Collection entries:
▬▬▬▬▬▬

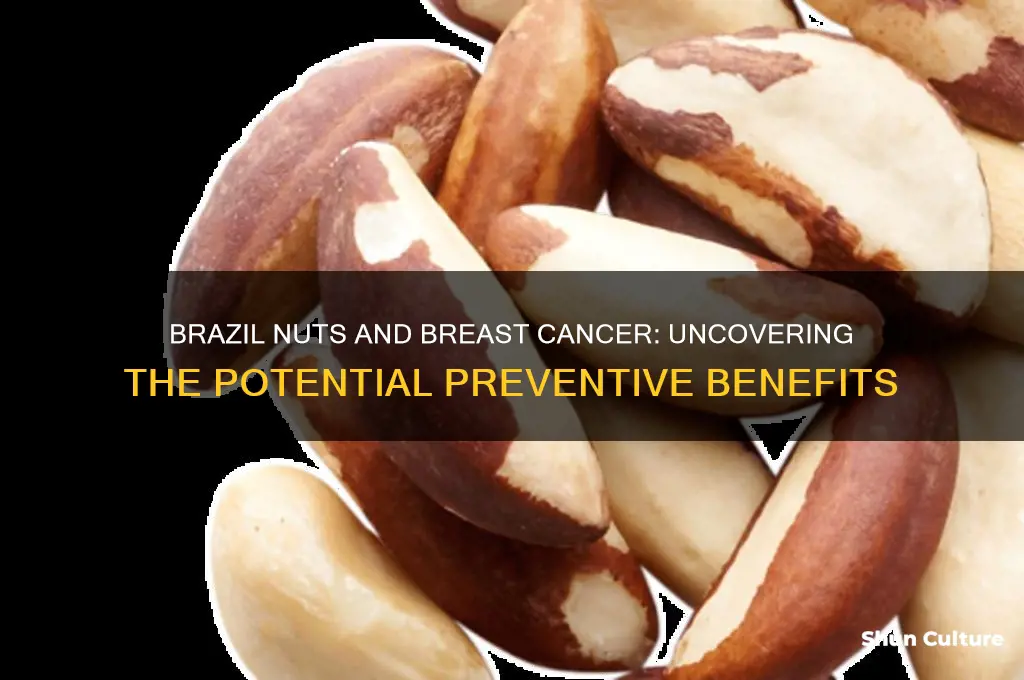 do brazil nuts prevent breast cancer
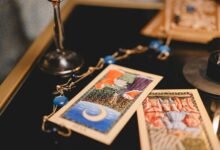 portfolio predictive insights analysis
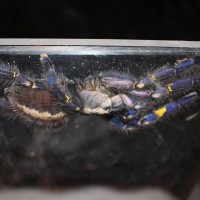 Poecilotheria Metallica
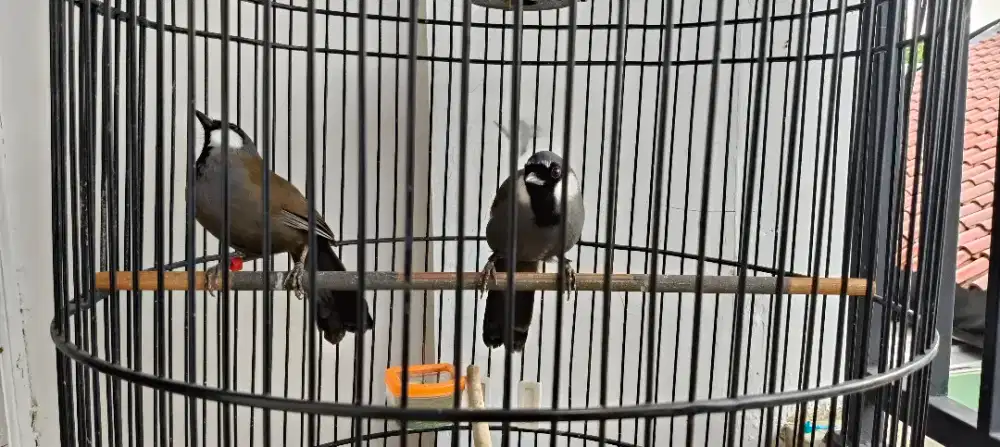 Poksay Hongkong sepasang yang mau ternak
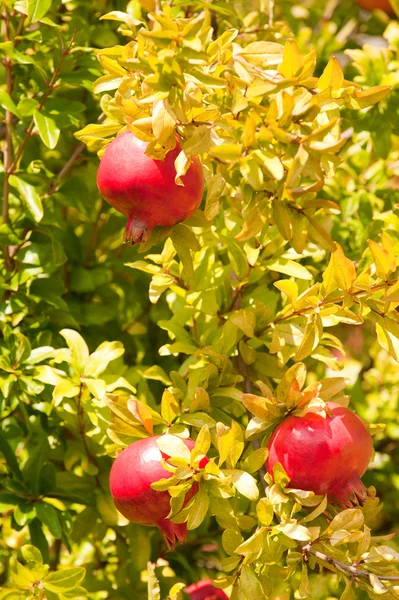 Granátové jablko stromu — Stock fotografie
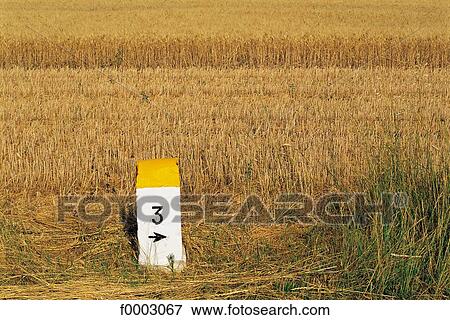 Stock Photo - France, Avignon, wheat field and milestone. Fotosearch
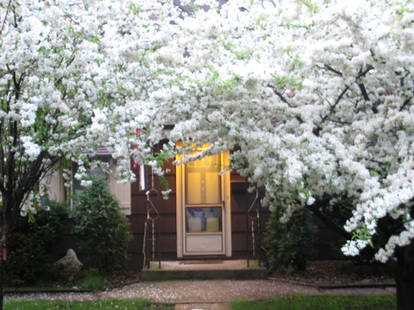 Flowering Arch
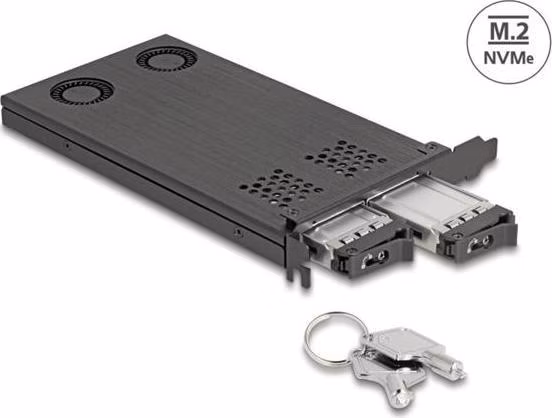 Delock karta PCI Express x16 Mobilní přihrádka na 2 x SSD M.2 NVMe – rozvětvení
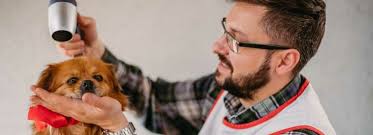 De beste waterblazer hond (top 5)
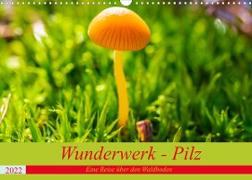 Wunderwerk - Pilz Eine Reise über den Waldboden (Wandkalender 2022 DIN A3 quer)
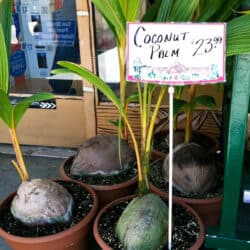 coconutpalm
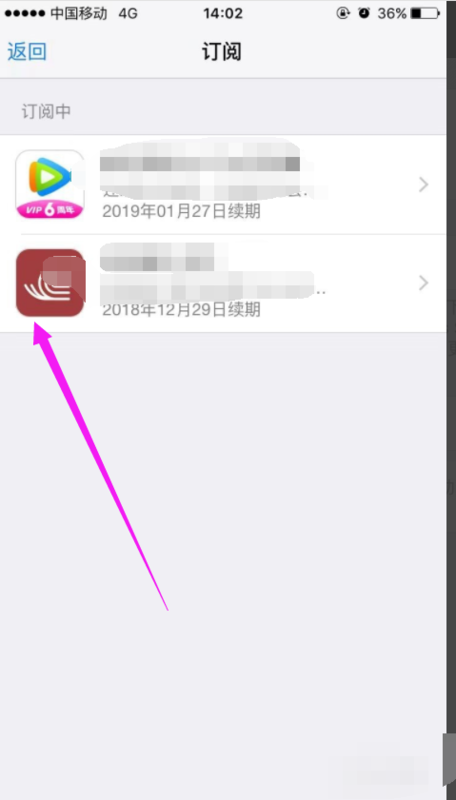 如何取消apple ID的自动订阅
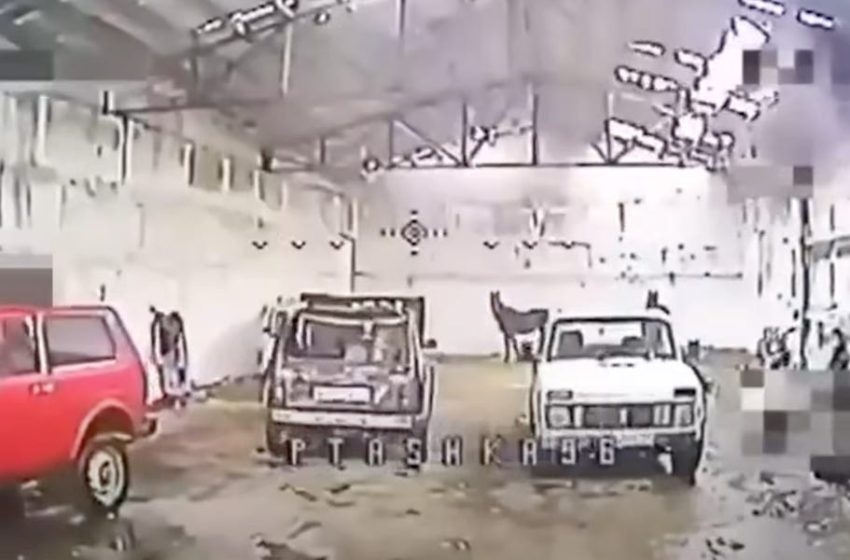  Ukrainian Drone Pilot Finds Russian Arsenal, Filled With Horses, Cars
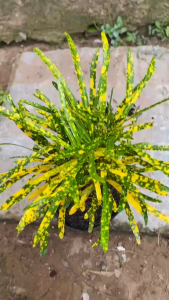 Cây Vàng Bạc Lá Nhuyễn - Tổng thể tầm 20-30 cm - Chịu nắng thích hợp sân vườn công trình!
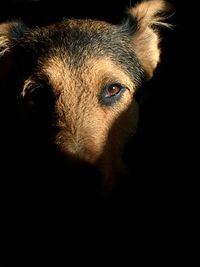 Close-up portrait of dog against black background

▬▬▬▬▬▬

Problem to work on: Omit all pictures and repeat the rest of the records verbatim.

The answer:
 do brazil nuts prevent breast cancer
 portfolio predictive insights analysis
 Poecilotheria Metallica
 Poksay Hongkong sepasang yang mau ternak
 Granátové jablko stromu — Stock fotografie
 Stock Photo - France, Avignon, wheat field and milestone. Fotosearch
 Flowering Arch
 Delock karta PCI Express x16 Mobilní přihrádka na 2 x SSD M.2 NVMe – rozvětvení
 De beste waterblazer hond (top 5)
 Wunderwerk - Pilz Eine Reise über den Waldboden (Wandkalender 2022 DIN A3 quer)
 coconutpalm
 如何取消apple ID的自动订阅
  Ukrainian Drone Pilot Finds Russian Arsenal, Filled With Horses, Cars
 Cây Vàng Bạc Lá Nhuyễn - Tổng thể tầm 20-30 cm - Chịu nắng thích hợp sân vườn công trình!
 Close-up portrait of dog against black background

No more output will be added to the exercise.